How does the Java Stream API select an execution plan?

Question

I new to learning the Stream API in Java 8 and functional programming in general, but not new to Java. I am interested in knowing and understanding how the Stream API selects an execution plan.

How does it know which parts to parallelize and which parts not to? How many types of execution plans even exist?

Basically, I want to know why Streams in Java 8 help in making things faster and also how it does some of this "magic".

I couldn't find much literature about how it all works.

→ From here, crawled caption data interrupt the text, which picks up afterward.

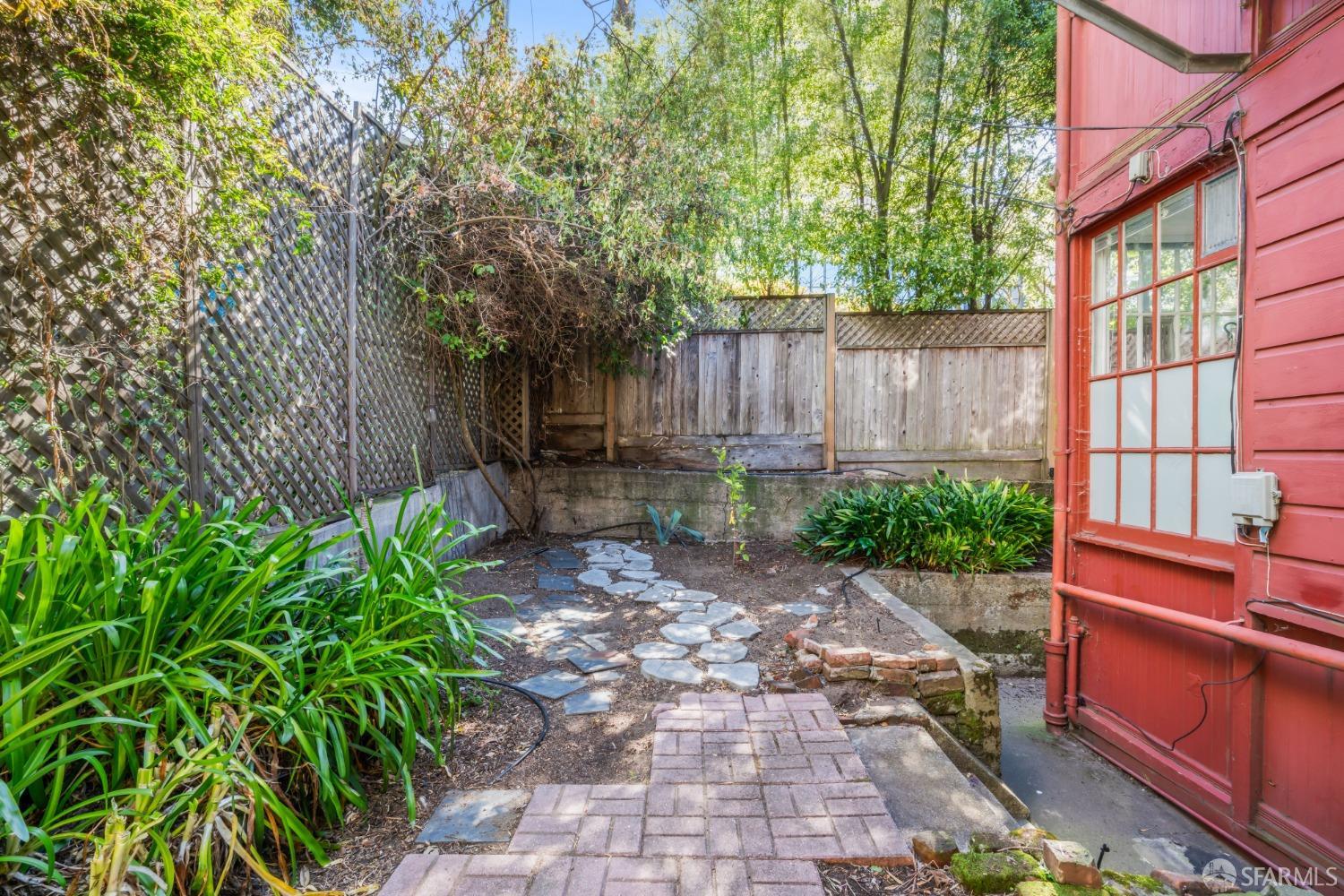 2332 California Street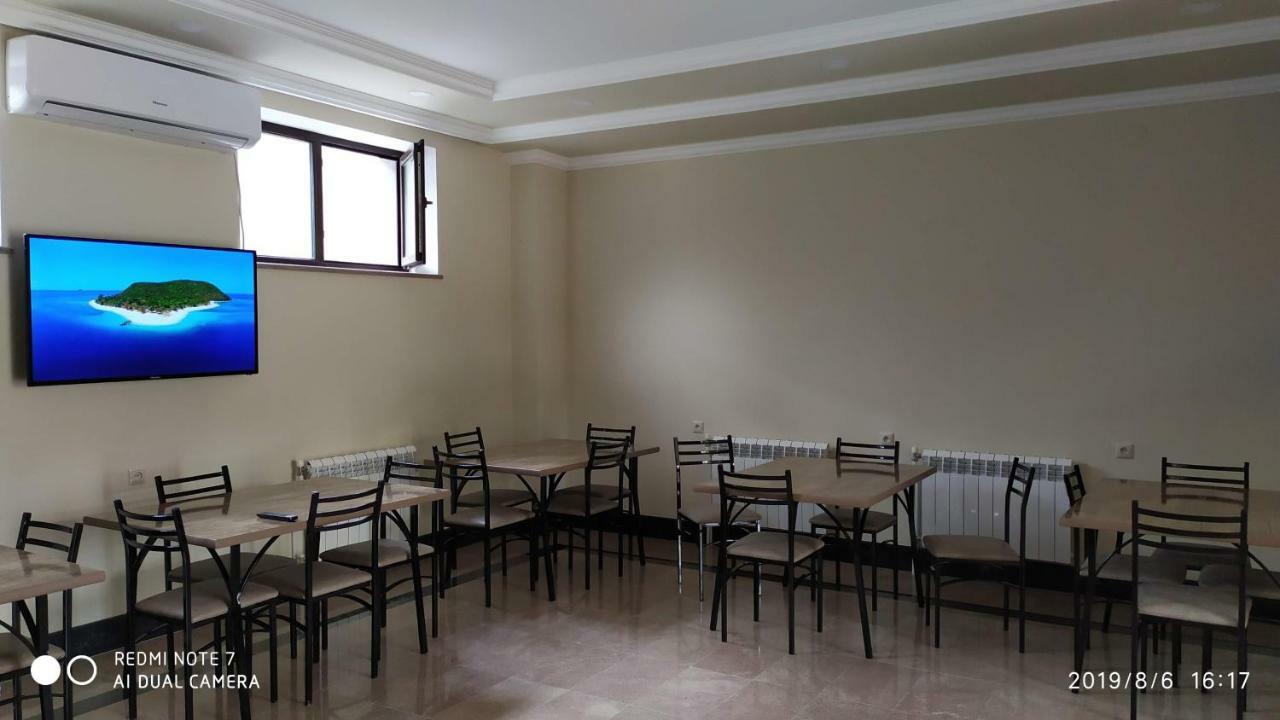 Asour Hotel Gorisz Kültér fotó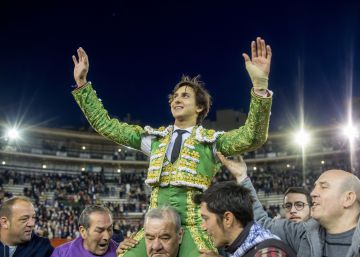 Roca Rey adelanta la “cremà” de la feria de Fallas y abre la puerta grande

It doesn't. It executes what you coded. It isn't an SQL database. — user207421, Apr 18 '18 at 10:18
@EJP so it is basically not really declarative but still imperative, correct? But then it can also understand when to parallelize and when not to, how does it do that? — ng.newbie, Apr 18 '18 at 10:20
I don't know when to use parallel. But when I check stream and parallel stream, stream is fast. — janith1024, Apr 18 '18 at 10:26
@janith1024 I didn't understand what did you mean by "I don't know when to use parallel", have you never used a parallel stream in Java 8? — ng.newbie, Apr 18 '18 at 10:27
@ng.newbie I did a test with a collection of data using parallel and without parallel stream. Without parallel was faster, so I used Stream without parallel for all the time. I also want to know when to use parallel — janith1024, Apr 18 '18 at 10:31
@ng.newbie, depends on implementation, for instance `ArrayListSpliterator` divided its range in half — Andrew Tobilko, Apr 18 '18 at 11:11
It does parallel when you say it, i.e. use `Collection.parallelStream()` or `Stream.parallel()`. — Holger, Apr 18 '18 at 12:36

L.Spillner · Answer 1 · 2018-04-18T11:44:59.560

This question is a bit broad to explain in detail but I will try my best to answer it to satisfaction. Also I use the example of a Stream of an ArrayList.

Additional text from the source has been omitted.